Mr. Seligman brought the attention of psychologists to the study of mental wellness when he became president of the American Psychological Association in 1998. In a speech he gave after his inauguration he addressed his concern that in the past psychologists had mainly been concerned about studying and preventing mental illness without paying any attention to the study and promotion of mental wellness. (1)
Ideals and Approach
Martin Seligman’s vision of a new approach to psychology inspired others in his field, most notably, his colleague Mihaly Csikszentmihalyi. In the year 2000 they worked together to define the goals of the new specialty of positive psychology. (2) Those goals include helping individuals and society to flourish, be happier, and enjoy life more fully. Their vision is an ambitious one, which involves going beyond solving ills into creating a deeply positive existence.
This objective spawned a new vocabulary. Words like happiness, gratitude, flow, altruism, contentment, well-being, growth, and originality take on scientific meanings. The concepts that those words represent are now the subjects of empirical studies.(3) Systems are created to try to quantify, explain and organize the qualities of a “good life” and how to achieve it. This field creates new, scientifically-based self-help books.
It is easy to see why this field of study would be exciting. Its purpose is to make the world a better place.
Weaknesses and Problems
There are two sides to every coin.

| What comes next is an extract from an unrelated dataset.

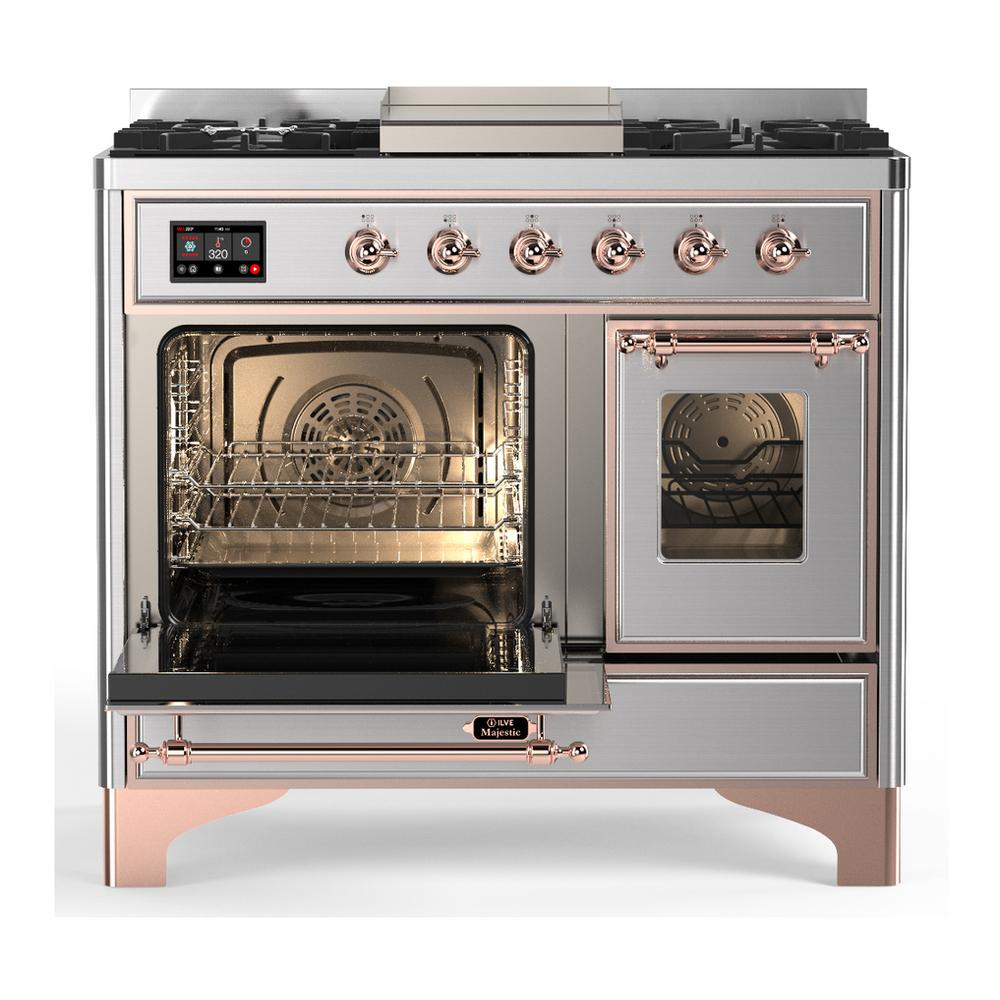 Ilve UMD40FNR3SSPLP Ilve Umd40Fnr3Ssplp Majestic Iii 40 Inch Dual Fuel Range With 6 Burners And Griddle, Dual Function Burner Up To 25,000 Btu (Liquid Propane, Triple Glass Door, Stainless Steel, Copper)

Although the goals of positive psychology may be noble, is it really possible to scientifically discover the keys to happiness? Like any field of science theories abound. Let’s face it: theories aren’t facts. The scientists and psychologists pursuing this research aren’t immune to the blinding effects of self-interest and the lack of objectivity that often come just by virtue of being human. (4)
As optimistic as this positive psychology movement is, one needs to acknowledge that human nature does have its dark side and the search for happiness creates opportunities to profit from that search. The aforementioned self-help books abound, as do many conferences, seminars, and classes which strive to cash in on the research being done in this discipline and thus creating – at the very least – the potential for a conflict of interest. (5) (6)
Try It and See
One way to evaluate the claims being made is to try it for yourself and see if it works.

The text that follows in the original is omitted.